Figure 4: Original image (a) and image after Otsu method application (b).
4 Algorithm Description
To achieve the results, a Python application was prepared by the authors using keras library to apply artificial neural networks and sklearn to apply the SVM algorithm. The presented proprietary solution uses two artificial intelligence algorithms for the purpose of automating the recognition process of Japanese handwriting, therefore two types of feature vectors are created. It is similar to another used in the biometric algorithms, more specifically while recognising a user by their fingerprints. In order to create feature vectors for the character recognition, characteristic points – minutiae – are used. Figure 5 shows a diagram demonstrating how the presented solution works.
4.1 Preprocessing Using Image Processing
This step is followed by the creation of feature vectors further used during the learning of the neural network in order to perform an automatic segmentation. The steps of this process are shown at Figure 6. The first stage consists in the use a bilateral filter [12]. As a consequence of the aforementioned, some of the noise that appeared in the image is eliminated. However, this has failed to affect the edge condition.
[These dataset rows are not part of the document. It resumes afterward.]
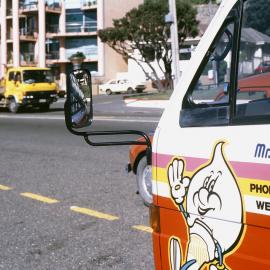 Mr. Whippy at Oriental Bay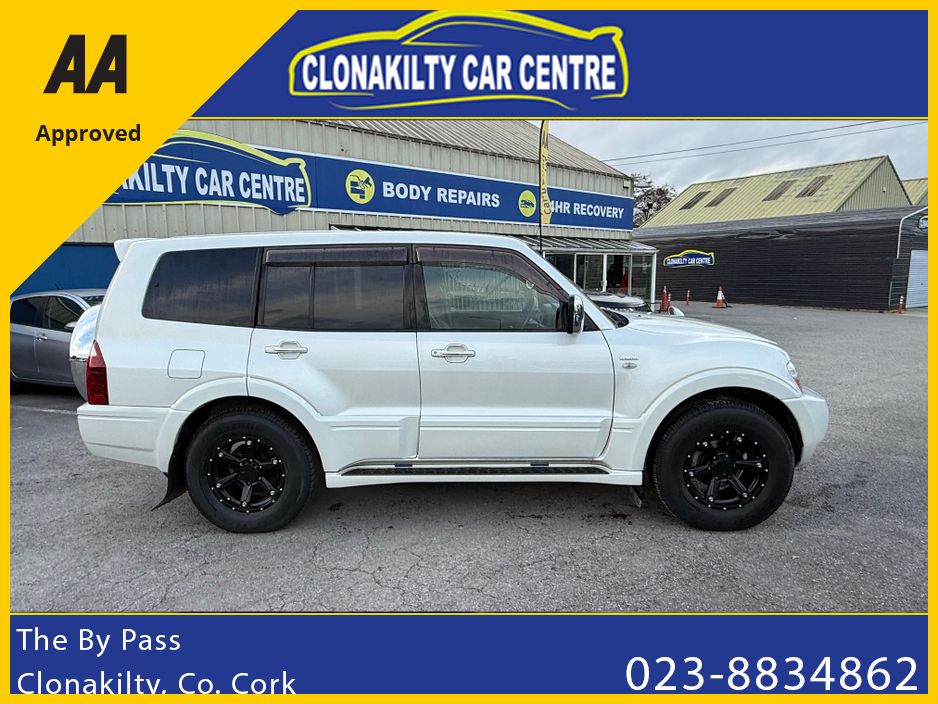2006 Mitsubishi Pajero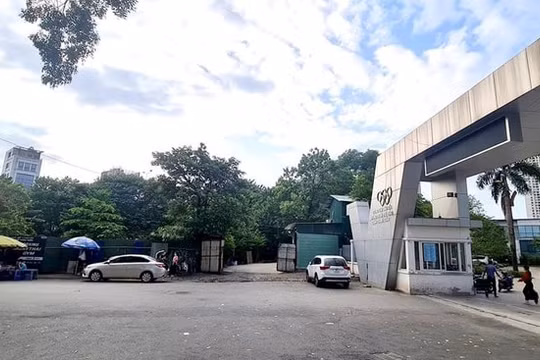 Hà Nội cưỡng chế thu hồi khu đất hơn 4.800m2 do Hadisco 41 sử dụng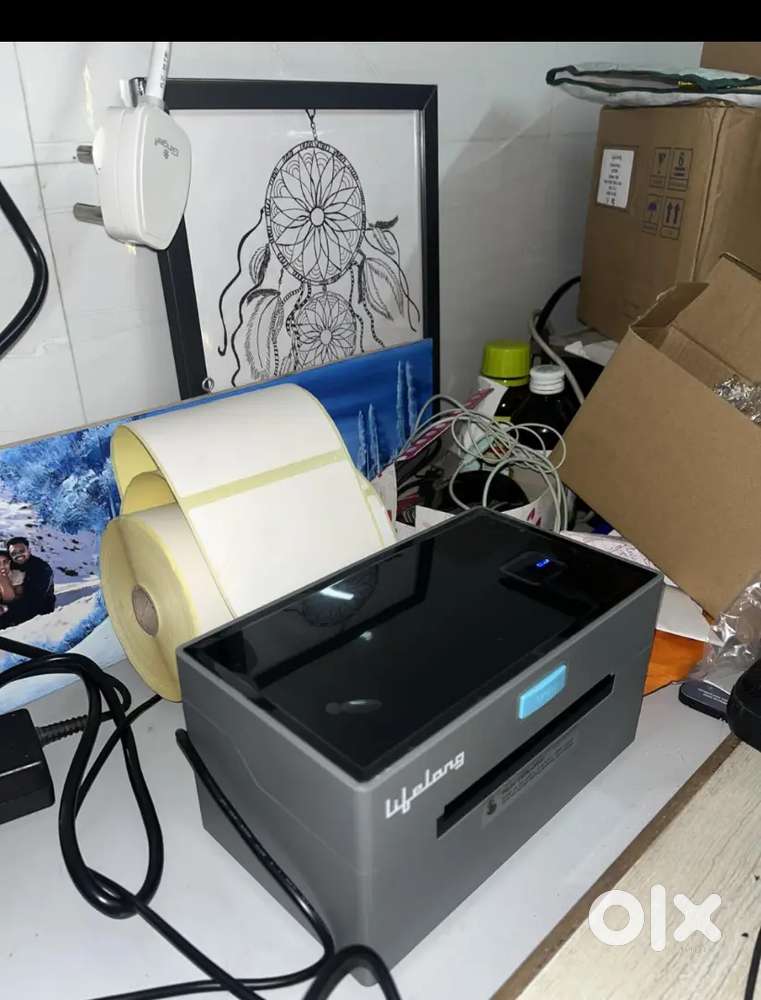 Lifelong thermal label printer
The next step has been to apply the background subtraction algorithm. It is usually applied when segmenting a series of photographs or films. After subtracting two consecutive photographs or films frames, the result image shows changes in the image, movement of animals, objects. In case of the presented solution, an image on which an averaging filter has been applied using a structural object with a diameter of 5 pixels is subtracted from the original image upon removing noise. The result image shows the differences in the image frequency.
Figure 6: Image processing approach to preprocessing.
Binarization is the third preprocessing step. For this purpose, the algorithm according to the Otsu’s method has been used. As in the event of the biometric algorithms, the green channel has been used for this purpose. Upon completing this stage, the image shows a partially or fully completed character. Then a closing morphological filter is applied. After this operation, the edges in the image are smoothed and some of the noise is deleted. Finally, the noise is removed by applying the last algorithm.
An algorithm has been developed that calculates the area of each object appearing in the image. If it is less than a threshold one, the object is deleted (Figure 12).
Figure 7: Character after each operation of preprocessing: (a) original image, (b) image after bilateral filter application, (c) image after background subtraction,(d) binarized image and(e) image after small object deletion and closing filter application.
Figure 8: Sample (a), sample preprocessed by hand (b) and sample preprocessed using image processing approach.
The final step is to create a feature vector based on the output image. A square structural object with a length and a width of 11 pixels is used. Each vector possesses information about the central pixel, its 120 neighbouring ones, as well as information about its classification upon preprocessing (1 – background, 0 – object). The result of these operations can be seen in Figure 8.
4.2 Segmentation Using a Neural Network
A neural network has been used to automate the preprocessing process. The large illustrations (2900 x 1200 pixels) representing Japanese writing system have been used to develop the sufficient feature vectors. The principle of operation of this part of the algorithm is presented in Figure 9.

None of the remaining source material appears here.